▶ **ACTION ITEM**: Everything in the listing below must be duplicated exactly.

▶ **ENTRIES PROVIDED**:
== Segment start ==

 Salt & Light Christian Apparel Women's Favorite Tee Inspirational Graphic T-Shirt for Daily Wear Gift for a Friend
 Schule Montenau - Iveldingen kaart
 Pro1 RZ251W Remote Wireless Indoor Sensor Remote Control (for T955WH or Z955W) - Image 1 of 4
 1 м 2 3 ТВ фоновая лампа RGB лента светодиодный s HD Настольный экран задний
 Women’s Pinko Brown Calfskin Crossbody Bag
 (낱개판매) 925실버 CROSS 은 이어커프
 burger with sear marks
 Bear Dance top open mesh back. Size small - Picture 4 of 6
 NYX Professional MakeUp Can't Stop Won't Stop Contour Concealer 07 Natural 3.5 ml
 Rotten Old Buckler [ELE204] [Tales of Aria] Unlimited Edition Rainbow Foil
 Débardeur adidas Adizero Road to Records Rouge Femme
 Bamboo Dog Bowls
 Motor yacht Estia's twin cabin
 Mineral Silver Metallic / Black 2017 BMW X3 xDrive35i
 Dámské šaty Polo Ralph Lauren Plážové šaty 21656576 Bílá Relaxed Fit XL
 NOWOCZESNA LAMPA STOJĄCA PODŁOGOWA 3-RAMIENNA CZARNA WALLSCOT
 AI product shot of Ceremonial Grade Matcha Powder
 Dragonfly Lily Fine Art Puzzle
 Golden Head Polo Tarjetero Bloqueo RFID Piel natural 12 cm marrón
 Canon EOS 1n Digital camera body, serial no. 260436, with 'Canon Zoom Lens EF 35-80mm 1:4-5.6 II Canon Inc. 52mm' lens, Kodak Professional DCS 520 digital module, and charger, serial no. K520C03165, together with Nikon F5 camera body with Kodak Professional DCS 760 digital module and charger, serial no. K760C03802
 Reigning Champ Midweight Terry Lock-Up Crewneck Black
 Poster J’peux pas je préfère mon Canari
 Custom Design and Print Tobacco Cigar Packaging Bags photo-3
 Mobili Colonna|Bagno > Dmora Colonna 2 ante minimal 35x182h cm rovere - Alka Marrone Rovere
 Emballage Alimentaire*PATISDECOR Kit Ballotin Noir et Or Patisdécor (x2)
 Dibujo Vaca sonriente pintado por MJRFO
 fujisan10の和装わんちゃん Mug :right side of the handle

== Segment end ==

▶ **RESPONSE AREA**:
 Salt & Light Christian Apparel Women's Favorite Tee Inspirational Graphic T-Shirt for Daily Wear Gift for a Friend
 Schule Montenau - Iveldingen kaart
 Pro1 RZ251W Remote Wireless Indoor Sensor Remote Control (for T955WH or Z955W) - Image 1 of 4
 1 м 2 3 ТВ фоновая лампа RGB лента светодиодный s HD Настольный экран задний
 Women’s Pinko Brown Calfskin Crossbody Bag
 (낱개판매) 925실버 CROSS 은 이어커프
 burger with sear marks
 Bear Dance top open mesh back. Size small - Picture 4 of 6
 NYX Professional MakeUp Can't Stop Won't Stop Contour Concealer 07 Natural 3.5 ml
 Rotten Old Buckler [ELE204] [Tales of Aria] Unlimited Edition Rainbow Foil
 Débardeur adidas Adizero Road to Records Rouge Femme
 Bamboo Dog Bowls
 Motor yacht Estia's twin cabin
 Mineral Silver Metallic / Black 2017 BMW X3 xDrive35i
 Dámské šaty Polo Ralph Lauren Plážové šaty 21656576 Bílá Relaxed Fit XL
 NOWOCZESNA LAMPA STOJĄCA PODŁOGOWA 3-RAMIENNA CZARNA WALLSCOT
 AI product shot of Ceremonial Grade Matcha Powder
 Dragonfly Lily Fine Art Puzzle
 Golden Head Polo Tarjetero Bloqueo RFID Piel natural 12 cm marrón
 Canon EOS 1n Digital camera body, serial no. 260436, with 'Canon Zoom Lens EF 35-80mm 1:4-5.6 II Canon Inc. 52mm' lens, Kodak Professional DCS 520 digital module, and charger, serial no. K520C03165, together with Nikon F5 camera body with Kodak Professional DCS 760 digital module and charger, serial no. K760C03802
 Reigning Champ Midweight Terry Lock-Up Crewneck Black
 Poster J’peux pas je préfère mon Canari
 Custom Design and Print Tobacco Cigar Packaging Bags photo-3
 Mobili Colonna|Bagno > Dmora Colonna 2 ante minimal 35x182h cm rovere - Alka Marrone Rovere
 Emballage Alimentaire*PATISDECOR Kit Ballotin Noir et Or Patisdécor (x2)
 Dibujo Vaca sonriente pintado por MJRFO
 fujisan10の和装わんちゃん Mug :right side of the handle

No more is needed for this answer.